Zena Marshall

d. July 10, 2009


British actress Zena Marshall, whose role in 1962’s “Dr. No” made her the first of many beautiful but treacherous femmes fatales encountered by secret agent James Bond, died in London July 10 after a short illness. She was 83.


Marshall portrayed Miss Taro, a secretary at Government House in Kingston, Jamaica, who is secretly in the employ of Dr. No. Bond learns she is working against him but beds her nevertheless — just to pass the time before handing her over to the police — in one of several sequences designed to establish Bond’s callous, anti-hero credentials in his first screen outing.
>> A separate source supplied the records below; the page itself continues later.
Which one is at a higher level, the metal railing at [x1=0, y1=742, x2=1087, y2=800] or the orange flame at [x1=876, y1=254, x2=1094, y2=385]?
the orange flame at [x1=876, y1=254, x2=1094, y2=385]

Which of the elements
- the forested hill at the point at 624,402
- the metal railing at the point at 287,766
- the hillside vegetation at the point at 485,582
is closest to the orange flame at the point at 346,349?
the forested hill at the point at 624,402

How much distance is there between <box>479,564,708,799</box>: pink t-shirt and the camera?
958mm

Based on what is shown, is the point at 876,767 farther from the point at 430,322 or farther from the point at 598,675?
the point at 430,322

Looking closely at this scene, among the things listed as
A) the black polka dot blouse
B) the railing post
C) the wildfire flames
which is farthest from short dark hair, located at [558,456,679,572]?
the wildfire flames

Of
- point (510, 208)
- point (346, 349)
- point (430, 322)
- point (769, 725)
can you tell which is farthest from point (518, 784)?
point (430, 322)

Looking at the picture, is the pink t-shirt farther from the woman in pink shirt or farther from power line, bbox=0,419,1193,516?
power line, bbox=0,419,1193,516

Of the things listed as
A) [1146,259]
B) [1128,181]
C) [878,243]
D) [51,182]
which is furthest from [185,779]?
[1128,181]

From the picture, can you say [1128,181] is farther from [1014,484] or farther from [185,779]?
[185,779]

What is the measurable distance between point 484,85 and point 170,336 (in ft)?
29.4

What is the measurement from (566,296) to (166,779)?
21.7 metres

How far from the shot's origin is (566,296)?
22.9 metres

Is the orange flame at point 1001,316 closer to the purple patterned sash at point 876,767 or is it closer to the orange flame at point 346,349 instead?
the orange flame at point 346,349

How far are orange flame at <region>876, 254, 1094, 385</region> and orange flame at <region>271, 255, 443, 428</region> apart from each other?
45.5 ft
Marshall’s dark, exotic beauty got her roles as Eurasians, Italians and Arabs. She was born in Nairobi of a French mother and a British father who died when she was a child. She was raised in England after her mother remarried, and made her uncredited screen debut in 1945’s “Caesar and Cleopatra,” starring Claude Rains and Vivien Leigh (with future 007 Roger Moore also making an uncredited debut).


Marshall appeared in a number of British films throughout the 1950s and increasingly in British television as filmed adventure series began to appear. She had guest roles in such popular series as Danger Man, The Invisible Man, Colonel March of Scotland Yard, Saber of London, O.S.S., Sir Francis Drake, The Sentimental Agent and Ghost Squad. Her last significant film role was as the very fertile wife of the Italian pilot in “Those Magnificent Men in Their Flying Machines” (1965). She retired after appearing in 1967’s “The Terrornauts.”

Sean Connery and Zena Marshall in scene from “Dr. No,” top, and meeting the press during shooting.